5.2. Non-TamTamCRM Applications and Your Data. If You install or enable Non-TamTamCRM Applications for use with Services, You acknowledge that We may allow providers of those Non-TamTamCRM Applications to access Your Data as required for the interoperation of such Non-TamTamCRM Applications with the Services. We shall not be responsible for any disclosure, modification or deletion of Your Data resulting from any such access by Non-TamTamCRM Application providers. The Services shall allow You to restrict such access by restricting Users from installing or enabling such Non-TamTamCRM Applications for use with the Services.
5.3. Integration with Non-TamTamCRM Services. The Services may contain features designed to interoperate with Non-TamTamCRM Applications (e.g., Google, Facebook or Twitter applications). To use such features, You may be required to obtain access to such Non-TamTamCRM Applications from their providers. If the provider of any such Non-TamTamCRM Application ceases to make the Non-TamTamCRM Application available for interoperation with the corresponding Service features on reasonable terms, We may cease providing such Service features without entitling You to any refund, credit, or other compensation.
6. FEES AND PAYMENT FOR PURCHASED SERVICES
6.1. Fees. You shall pay all fees specified in all Order Forms hereunder. Except as otherwise specified herein or in an Order Form, (i) fees are based on services purchased, (ii) payment obligations are non-cancelable and fees paid are non-refundable, and (iii) the number of User subscriptions purchased cannot be decreased during the relevant subscription term stated on the Order Form. User subscription fees are based on monthly periods that begin on the subscription start date and each monthly anniversary thereof; therefore, fees for User subscriptions added in the middle of a monthly period will be charged for that full monthly period and the monthly periods remaining in the subscription term.

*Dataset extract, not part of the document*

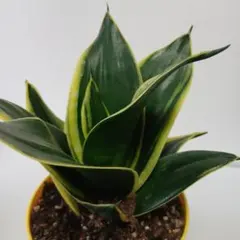 2026年最新】観葉植物 サンスベリアの人気アイテム - メルカリ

6.2. Invoicing and Payment. You will provide Us with valid and updated credit card information, or with a valid purchase order or alternative document reasonably acceptable to Us. If You provide credit card information to Us, You authorize Us to charge such credit card for all Services listed in the Order Form for the initial subscription term and any renewal subscription term(s) as set forth in Section 12.2 (Term of Purchased User Subscriptions). Such charges shall be made in advance, either annually or in accordance with any different billing frequency stated in the applicable Order Form. If the Order Form specifies that payment will be by a method other than a credit card, We will invoice You in advance and otherwise in accordance with the relevant Order Form. Unless otherwise stated in the Order Form, invoiced charges are due next 7 days from the invoice date. You are responsible for providing complete and accurate billing and contact information to Us and notifying Us of any changes to such information.
6.3. Overdue Charges. If any charges are not received from You by the due date, then at Our discretion, (a) such charges may accrue late interest at the rate of 1.5% of the outstanding balance per month, or the maximum rate permitted by law, whichever is lower, from the date such payment was due until the date paid, and/or (b) We may condition future subscription renewals and Order Forms on payment terms shorter than those specified in Section 6.2 (Invoicing and Payment).
6.4. Suspension of Service and Acceleration. If any amount owing by You under this or any other agreement for Our services is 30 or more days overdue (or 10 or more days overdue in the case of amounts You have authorized Us to charge to Your credit card), We may, without limiting Our other rights and remedies, accelerate Your unpaid fee obligations under such agreements so that all such obligations become immediately due and payable, and suspend Our services to You until such amounts are paid in full. We will give You at least 7 days’ prior notice that Your account is overdue, in accordance with Section 13.2 (Manner of Giving Notice), before suspending services to You.
6.5. Payment Disputes. We shall not exercise Our rights under Section 6.3 (Overdue Charges) or 6.4 (Suspension of Service and Acceleration) if You are disputing the applicable charges reasonably and in good faith and are cooperating diligently to resolve the dispute.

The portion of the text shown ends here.